Corporate directors are worrying about industry disruption and short-term thinking, according to the 2018 survey of more than 1,000 U.S. directors and executives by the National Association of Corporate Directors.
By a wide margin, directors cited significant industry change as the trend with the greatest impact on their companies, followed by business model disruption and changing global economic conditions.
Concerns about cybersecurity and competition for talent rounded out the top five concerns. Respondents’ concerns about regulatory burden dropped sharply, from 58 percent in 2016 to just 29 percent. This comes as no surprise given the policies of the Trump administration, but the NACD points out that regulatory burden appears to be increasing in the EU and China.

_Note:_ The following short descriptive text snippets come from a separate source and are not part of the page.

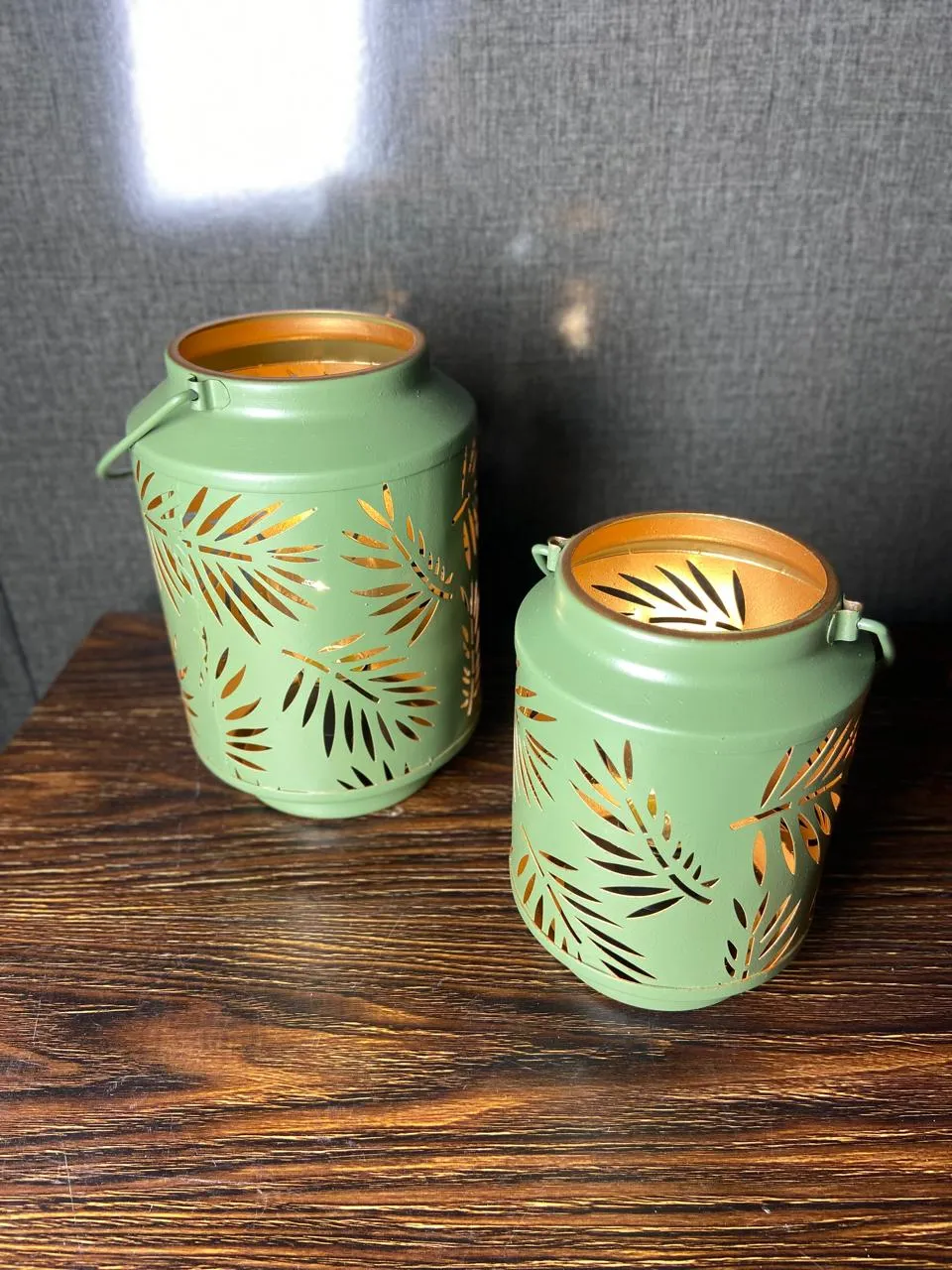 Leaf Silhouette Round Led Lanterns  - Green | Home Decor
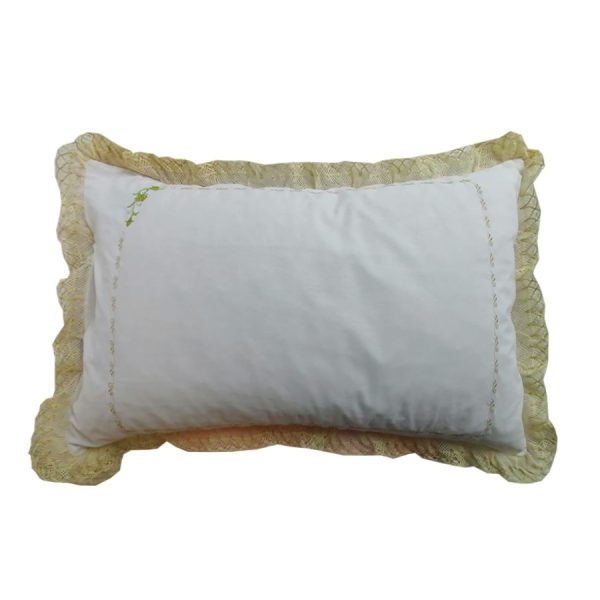 Set 2 Fete perna brodate 40 x 60 cm, Casa Bucuriei, model Dulcis, alb/bej, bumbac percale 100%, doua fete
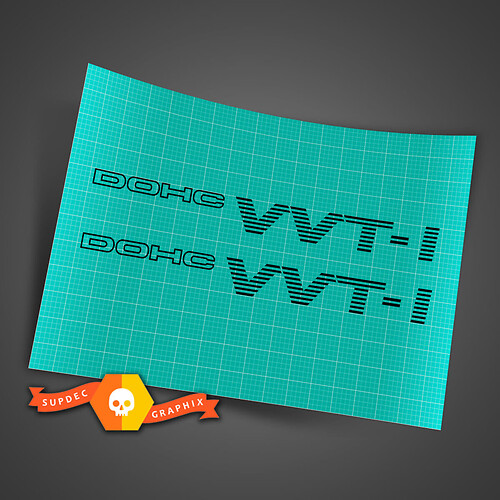 Paar VVTI DUAL vinylstickerstickers - SET van 2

Exhibit 1: Trends Affecting Directors’ Companies
Pressure for Short-Term Performance
Boards are still facing pressures to achieve short-term performance. Seventy-four percent of respondents said that their management’s focus on long-term strategic goals has been affected by pressure to deliver short-term results. Directors that have been approached by activist investors report facing even greater pressure to meet short-term goals.
Exhibit 2: Impact of Short-Term Pressures
Understanding Risk Is Key
An atmosphere of risk and uncertainty is driving directors to seek a deeper involvement in strategy. Just over half of board respondents are confident that managers can appropriately address growing geopolitical risks—but half also say that there’s not enough time during board meetings to discuss strategy in depth.
Exhibit 3: Board’s Involvement in Strategy
Ignorance about Corporate Culture
Board understanding of corporate culture doesn’t extend beyond the tone at the top, “creating a risky disconnect,” the NACD reports. While 79 percent of directors express confidence in management’s ability to sustain a healthy culture during performance challenges, 92 percent rely on the CEO for reporting about the health of the culture.
A much smaller fraction of board members hear directly from specialist functions that could bring an independent perspective, such as internal audit (39 percent), compliance and ethics (30 percent) and risk management (20 percent). Not surprisingly, while most directors say they understand the health of the culture at the top, a much smaller number understand the perspectives of middle or lower management.
Exhibit 4: Health of the Organizational Culture
Less Confidence in Cyber-Risk Preparedness
Just 37 percent of board members said they felt confident or very confident that their company is properly secured against a cyberattack. That’s 5 percent less than last year. The authors speculate that directors are getting more savvy about cybersecurity, “which may explain their increased skepticism of management’s efforts.”
Exhibit 5: Security against Cyberattack
CEO Succession Planning
2017 was a big year for unexpected firings and departures of high-profile CEOs. That may help to explain why more directors are giving priority to improving CEO-succession planning. There was also a large increase in discussions about CEO and executive-team successions with investors.
Exhibit 6: CEO Succession Planning
Similar to last year, very few boards cited social and environmental issues as top trends that will impact business performance. For example, just six percent of respondents selected climate change as a top-five trend. Given the growing range of issues and challenges facing boards however, it’s not surprising that board evaluations are becoming increasingly rigorous. Sixty percent of respondents said that they now evaluate the performance of individual directors—a sizable jump from forty one percent last year.